Poi partì all’attacco si Alessio Comneno, le prese di
nuovo, tornò in Europa a cercare aiuto, e finì oscuramente in Puglia – il luogo
e la data di morte sono l’unica sua cosa certa, Canosa di Puuglia, 7 marzo 1111
– quasi certa.
Dovette il successo, malgrado le
sconfitte e le intemperanze, alla figura fisica. Anna Comnena, la figlia dell’imperatore
Alessio, ne ha lascato un ritratto nella “Alessiade”. Un ritratto non
ricorrente, per nessun altro “crociato”, nella stessa storia – Anna aveva quattordici
anni quando ebbe l’occasione di incontrare Boemondo:
“Era uno, per
dirla in breve, di cui non s'era visto prima uguale nella terra dei Romani,
fosse
barbaro o Greco (perché egli,
agli occhi dello spettatore, era una meraviglia, e la sua reputazione era
terrorizzante). Lasciate che io descriva l'aspetto del barbaro più
accuratamente: egli era tanto alto di statura che sopravanzava il più alto di
quasi un cubito, sottile di vita e di fianchi, con spalle ampie, torace
possente e braccia poderose. Nel complesso il fisico non era né troppo magro né
troppo sovrappeso, ma perfettamente proporzionato e, si potrebbe dire,
costruito conformemente ai canoni di Policleto... La sua pelle in tutto il
corpo era bianchissima, e in volto il bianco era temperato dal rosso. I suoi
capelli erano biondastri, ma egli non li teneva sciolti fino alla vita come
quelli di altri barbari, visto che l'uomo non era smodatamente vanitoso per la
sua capigliatura e la tagliava corta all'altezza delle orecchie. Che la sua
barba fosse rossiccia, o d’un altro colore che non saprei descrivere, il rasoio
vi era passato con grande accuratezza, sì da lasciare il volto più levigato del
gesso... I suoi occhi azzurri indicavano spirito elevato e dignità; e il suo
naso e le narici ispiravano liberamente; il suo torace corrispondeva alle sue
narici e queste narici... all'ampiezza del suo torace. Poiché attraverso le sue
narici la natura aveva dato libero passaggio all’elevato spirito che gli
traboccava dal cuore. Un indiscutibile fascino emanava da quest’uomo ma esso
era parzialmente contrassegnato da un’aria di terribilità... Era così fatto di
intelligenza e corporeità che coraggio e passione innalzavano le loro creste
nel suo intimo ed entrambi lo rendevano incline alla guerra. Il suo ingegno era
multiforme, scaltro e capace di trovare una via di fuga in ogni emergenza.

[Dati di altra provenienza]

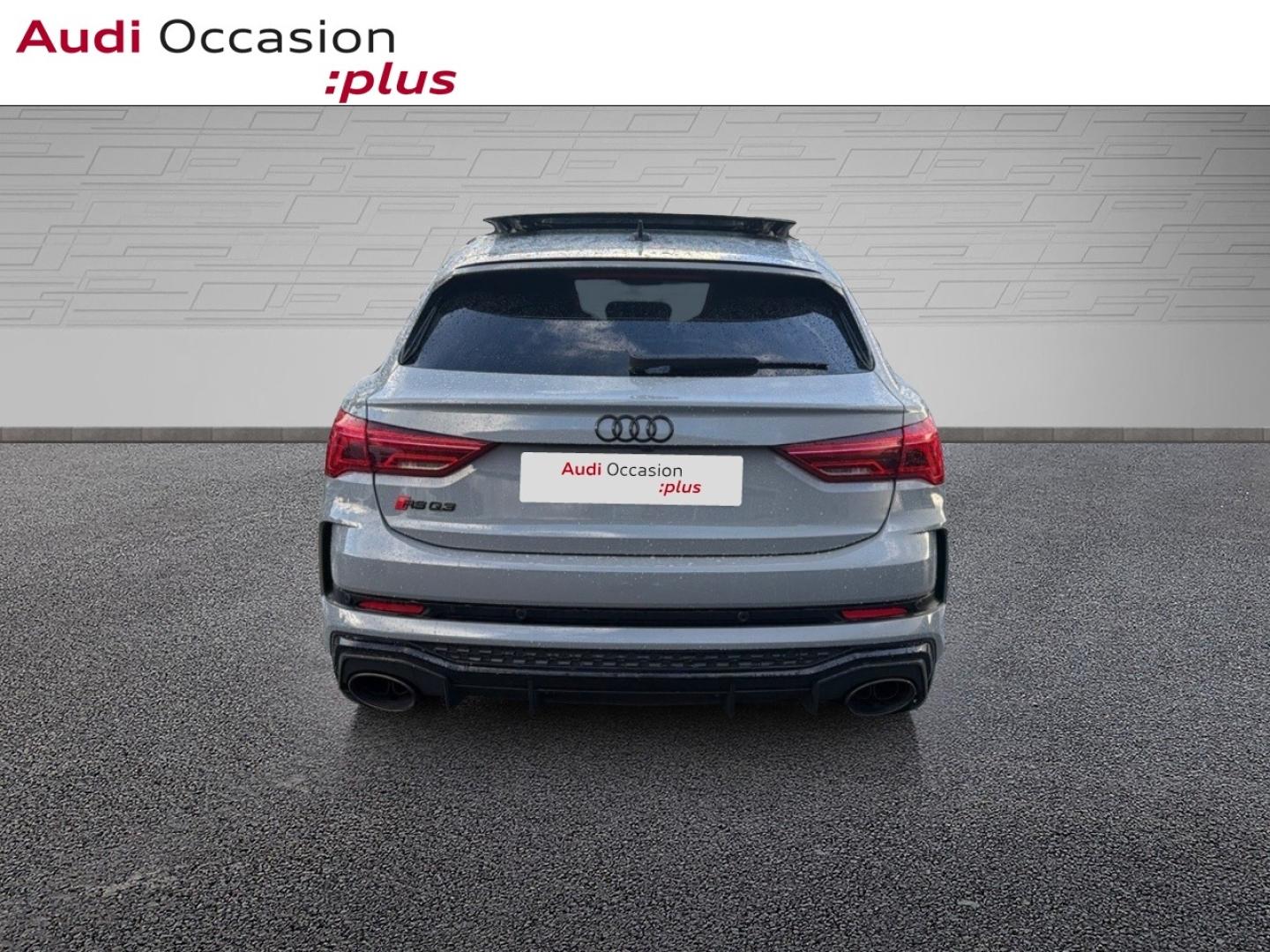 Voitures occasions Audi RS Q3 Sportback Base Dunkerque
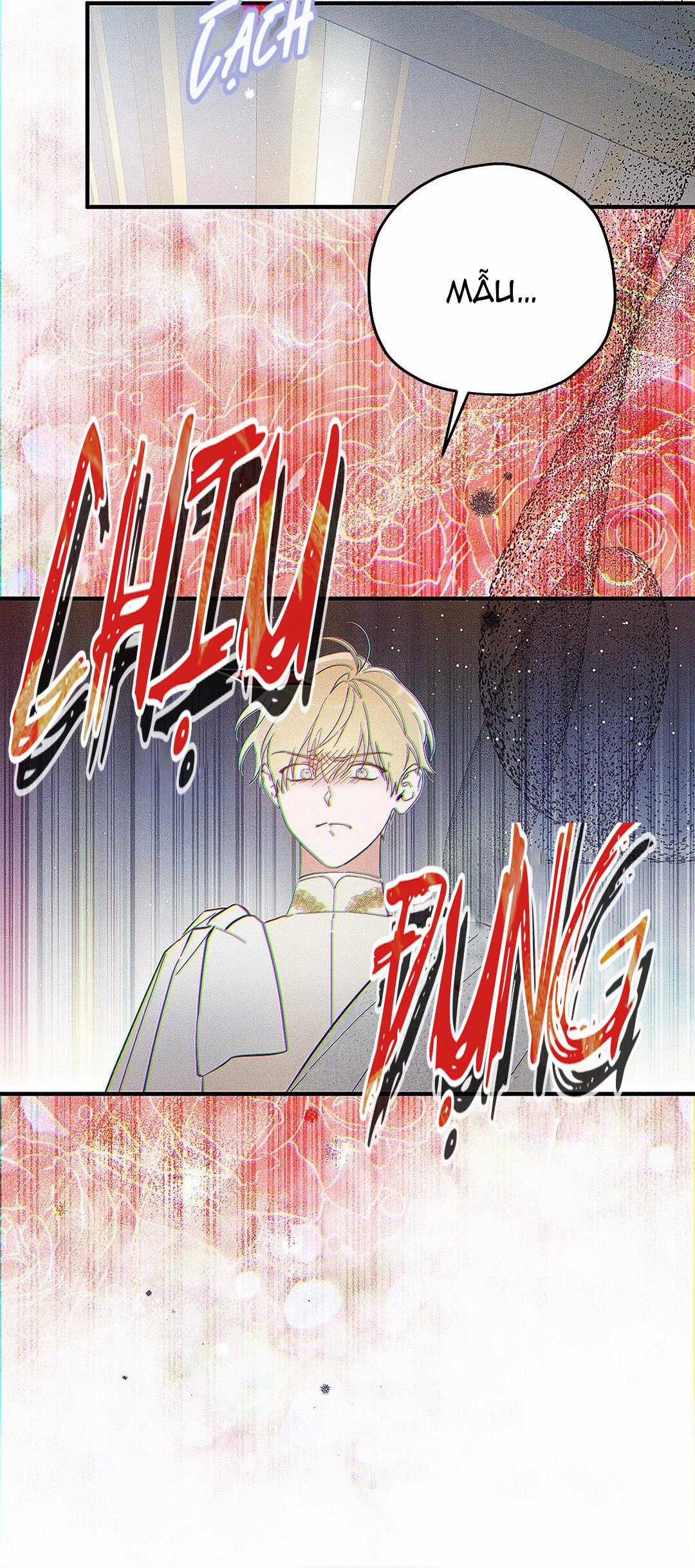 Hoàng Tử Hư Hỏng Che Giấu Mình Là Omega Chapter 1 trang 40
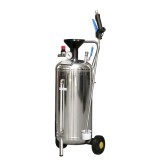 Aparat spumă profesional LAVOR FOAMJET SX24, inox, 24 l, 6 bar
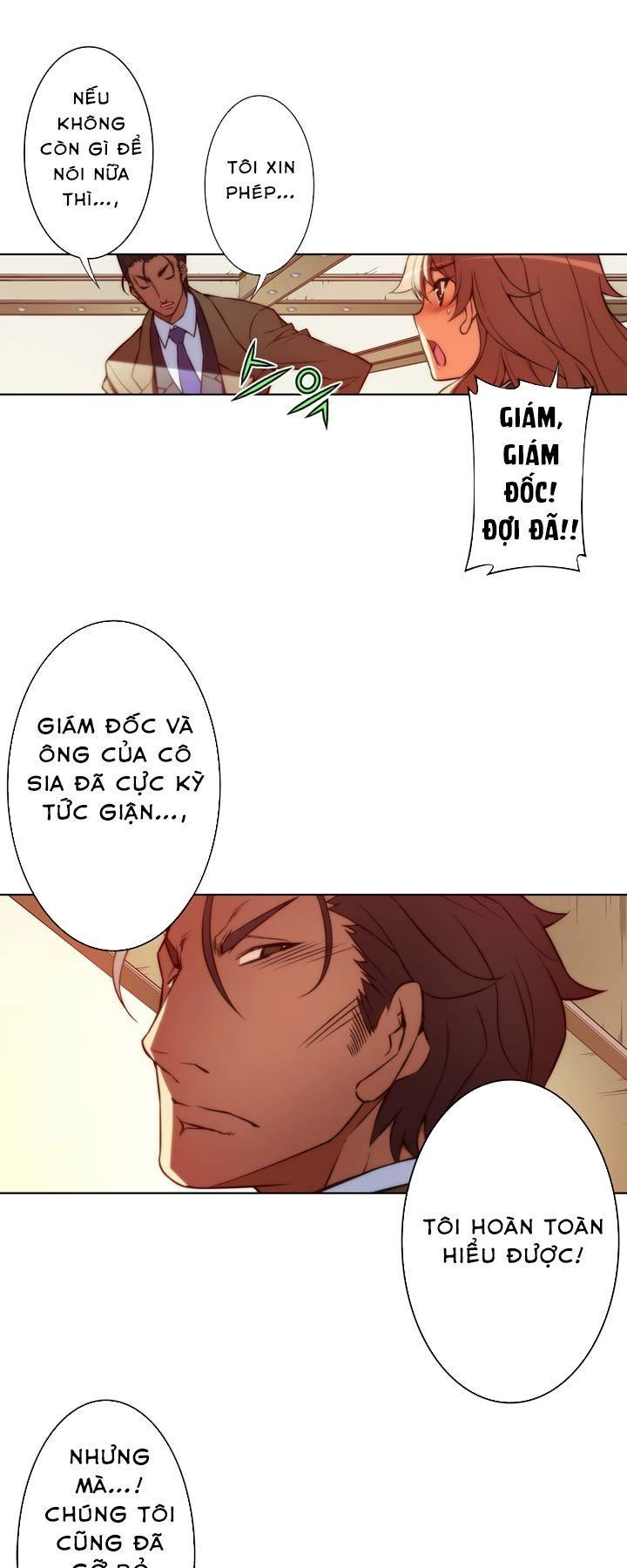 Unbalance Triangle Chapter 60.1 - 31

Nella conversazione era ben informato e le risposte che dava erano fortemente
inconfutabili. Quest’uomo del tutto simile all'Imperatore per valore e
carattere, era inferiore a lui solo per fortuna, eloquenza e per qualche altro
dono di natura”.
Resta da accertare se “un’aria di terribilità” non sia “un olezzo
terribile”, il greco di Anna Comnena si può tradurre in entrambi i modi.